Project Team
Project Management
Prof. Dr. Markus Tepe
University Oldenburg
Prof. Dr. Adele Diederich
Jacobs University Bremen
Project Staff
Nils Springhorn
University of Oldenburg
Project Website
Need-based justice, group membership and expertise
2nd Application Stage
Sub-Projekt B2 (DFG Research Group FOR2104)
Sub-project B2 studies the influence of the procedure of collective needs-recognition on the legitimacy of the distributive choice under consideration of the expert hypothesis. The findings from the first funding phase show that the decision-making processes of collective needs-recognition are susceptible to systematic distortion (equivalence framing, leaky-bucket effect, deservingness, entitlement, voting rule). The findings also show that groups are indeed capable of reaching a needs-based just distribution if they can draw on a neutral expert’s opinion. The social reach and differentiation of the application of the demand principle are central in the second phase of B2. To this end, we aim to analyse under which circumstances the group membership of voters and that of the expert incite a more inclusive or a more exclusive application of the needs principle. To answer this question on analytical and experimental grounds, a new distribution and negotiation game has to be modelled in which a just redistribution must be voted upon. The game theoretic serves as a reference to test how the collective needs-recognition and the legitimacy of redistributive decisions change as the group members and expert are placed into social categories in turn.

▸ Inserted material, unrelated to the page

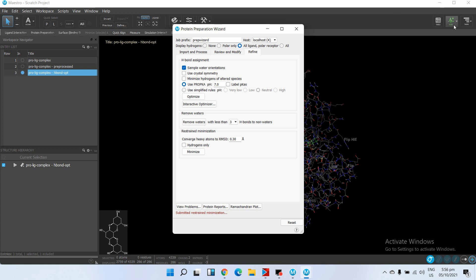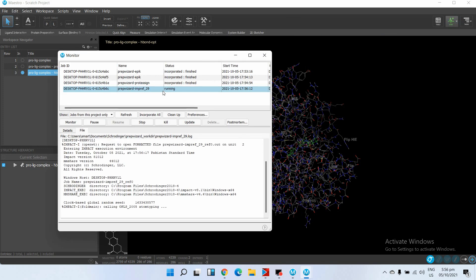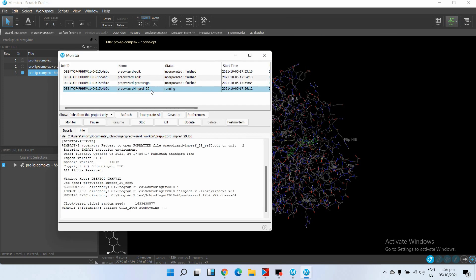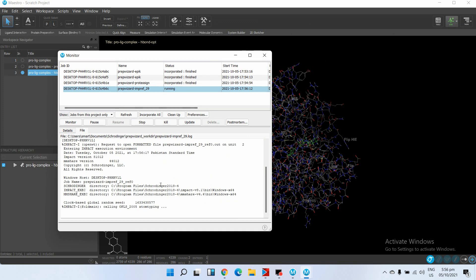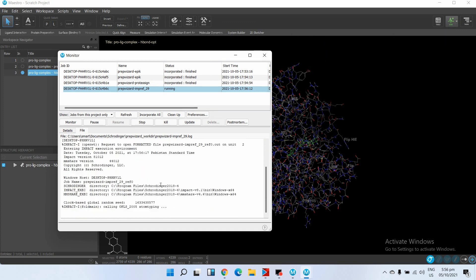You can also monitor your job by clicking on Jobs. Here all events are recorded and you can examine them if you want to know more detail about the process.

The research group FOR 2104 “Needs-based justice and redistributive procedures” delivers contributions to a positive and “informed” normative theory of needs-based justice based on experimental evidence. The present sub-project belongs to the B column, which is dedicated to collective recognition and legitimacy of needs-based redistribution and the possibility of objectification of needs-based redistribution by experts. In the first funding phase of sub-project B2, collective recognition and legitimacy of needs-based redistribution were studied within the framework of a redistributive tax rate. The Meltzer and Richard (1981, henceforth MR) Model was used as a theoretical framework and basis for the experimental design. In the second funding phase of B2, the social reach and differentiation of collective recognition and legitimacy of redistributive justice are to be studied. The main focus lies on the question of under which circumstances social group memberships of voters and experts alter the application of the needs-principle to be either inclusive or exclusive. To attempt to answer this question, a new bargaining theoretic model must be specified in which group members vote on the allotment of a need-fulfilling resource. To begin with, we must define a game theoretic solution under the assumption of completely rational and egotistical actors. This game theoretic assumption serves as a reference with which to study how the collective recognition and legitimacy of needs change when group members and experts are categorized gradually and along different intensities.